Directions for this task: Below are records with pictures. Transcribe exactly, and only, the lines from the line with "Appraisal: AN EBONISED" to the line with "Businessperson Giving Car", both ends included, but not the pictures.

--- Data for this exercise ---

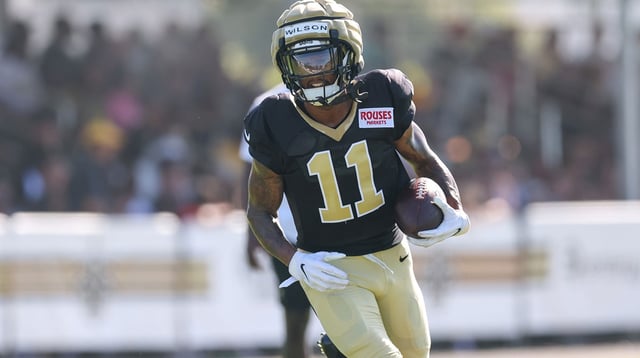 Jul 28, 2025; Metairie, LA, USA; New Orleans Saints wide receiver Cedrick Wilson Jr. (11) on runs routes during training camp at Ochsner Sports Performance Center. Mandatory Credit: Stephen Lew-Imagn Images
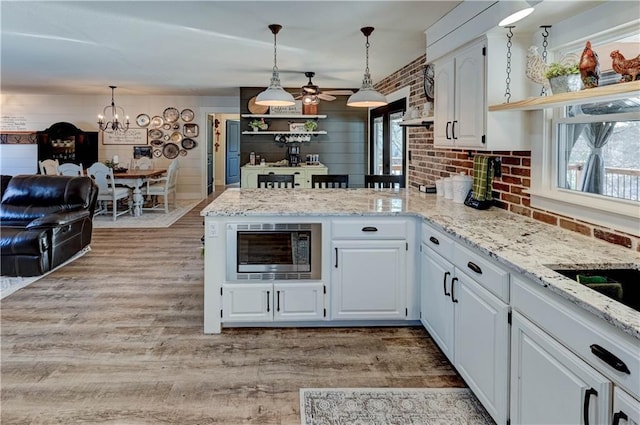 kitchen with stainless steel microwave, hanging light fixtures, and white cabinets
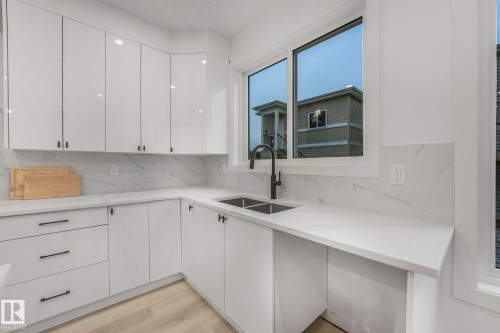 3518 42 Ave Avenue, Beaumont, AB - Indoor Photo Showing Kitchen With Double Sink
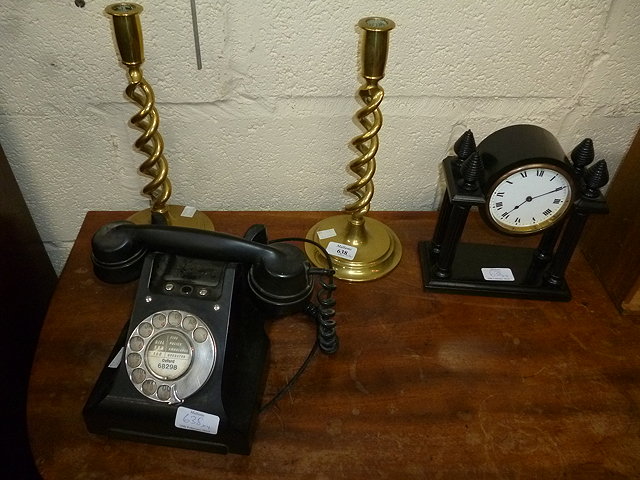 Appraisal: AN EBONISED MANTEL TIMEPIECE together with a pair of brass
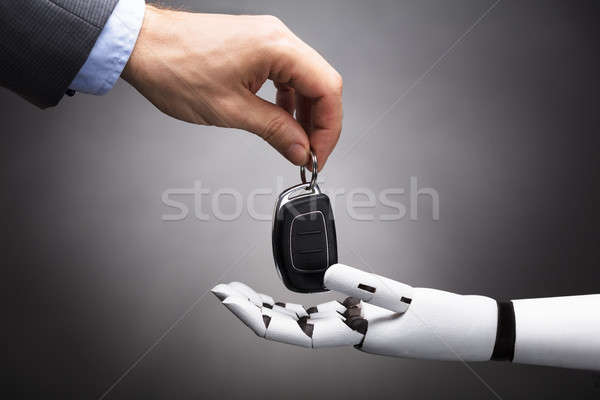 Businessperson Giving Car Key To Robot Stock photo © AndreyPopov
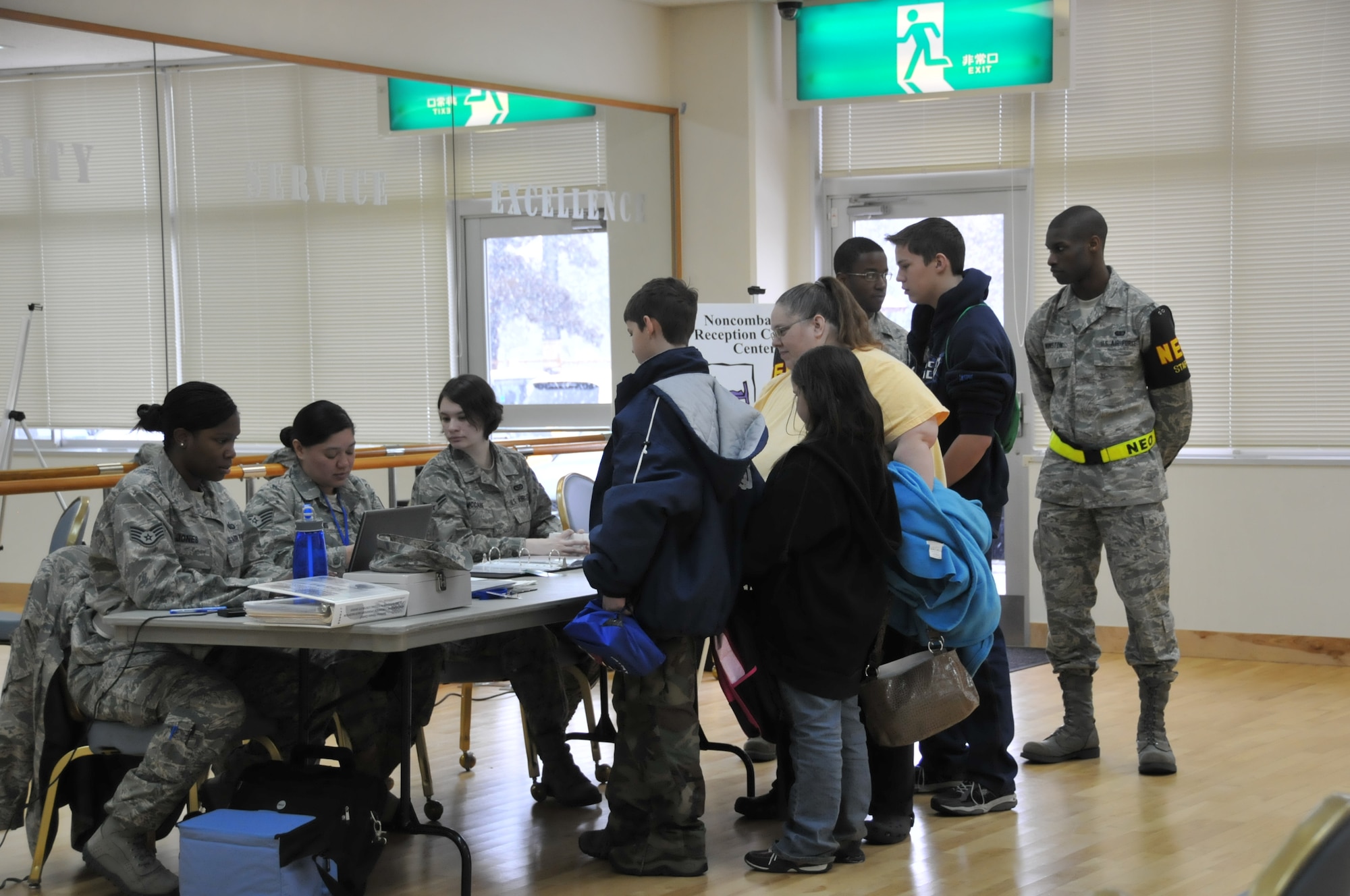 YOKOTA AIR BASE, Japan -- Staff Sgt. Tammera Jones, 374th Force Support Squadron, along with Staff Sgt. Tori Hawkins and Airman 1st Class Kayla McCabe, members from the 374th Civil Engineer Squadron, process members participating in  Noncombatant Evacuation Operations during an Operational Readiness Exercise here, March 7. (U.S. Air Force photo/Airman 1st Class Krystal M. Garrett)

---

Written response:
 Appraisal: AN EBONISED MANTEL TIMEPIECE together with a pair of brass
 Businessperson Giving Car Key To Robot Stock photo © AndreyPopov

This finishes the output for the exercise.